Protecting biodiversity and ecosystem health is a global challenge and urban parks have an important role to play. Parks enhance the resilience of cities and contribute to the ecological integrity of our environment by creating opportunities for people to connect with nature in urban areas and by maintaining certain ecosystem services. Due to climate change and the search for greater resilience, large parks are becoming important to public authorities. Park administrators are called upon to rethink the aesthetics, move away from a traditional horticultural approach and toward sustainable management practices that improve plant habitats.

The Master Plan strongly emphasizes protecting natural and man-made landscapes and adopts an adaptive ecological design approach through extensive planting and by restricting access to fragile natural areas. This is the first example of its kind where preservation of the park’s heritage is combined with a contemporary design and the implementation of a complex plant system.  A variety of plant habitat types are being created or enhanced: a three-layered stratified forest, shrublands, wetlands, prairies, mixed lawn areas with isolated trees and ornamental gardens.

The Plan outlines a new land management vision centred on both heritage and green infrastructure as means to respond to climate change. The park’s management strategy for green and blue spaces, which promotes plant diversity, is influencing the practices of municipal departments that seeking to learn more about our vision, processes, and practices. In addition, by implementing sustainable land use guidelines, the island partners must also implement these more environmentally friendly practices.

How have other cities expressed interest in the initiative, or what potential does it have to interest other cities and be customised to their own circumstances?
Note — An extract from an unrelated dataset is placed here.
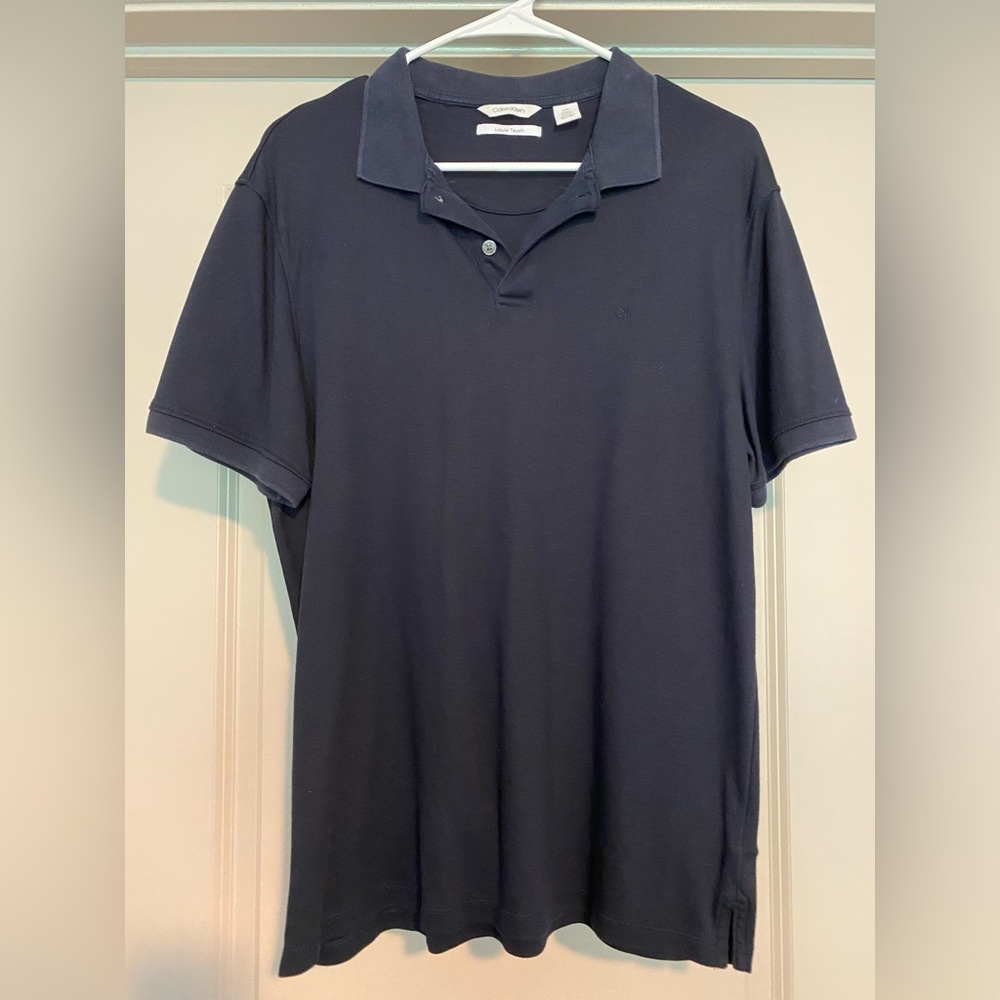 Calvin Klein Men’s Liquid Touch Polo Shirt, Dark Blue, Medium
The Master Plan, bold and ambitious in its vision and its outcome-driven proposals, has established itself as a model in Montréal and an example for others to follow. Representatives from SPJD have been invited to present the Master Plan at several conferences, notably the World Urban Parks Congress and The Nature of Cities Festival.
The SPJD also shares its initiatives through multiple discussion and exchange spaces bringing together, among others, municipalities, institutional organizations, and non-profit parks organisations. Issues such as responsible procurement, low-impact event organization, responsible waste management aiming at zero waste and carbon neutrality are addressed. The objective is not only to inform and promote our targets and practices in terms of sustainable development, but also to mobilize these institutional actors to work toward ecological and social transition.
The Master Plan was also developed in accordance with the 17 United Nations Sustainable Development Goals and the orientations and commitments of the City of Montréal (ex. C40 Cities commitments). In fact, the City’s Climate Action Plan, Nature and Sports Plan and Urban Agriculture Strategy were all launched following the adoption of the Parc Jean Drapeau Master Plan. The City of Montréal’s Ecological Transition and Resilience Bureau is particularly inspired by the Master Plan and has initiated a collaboration with our organization.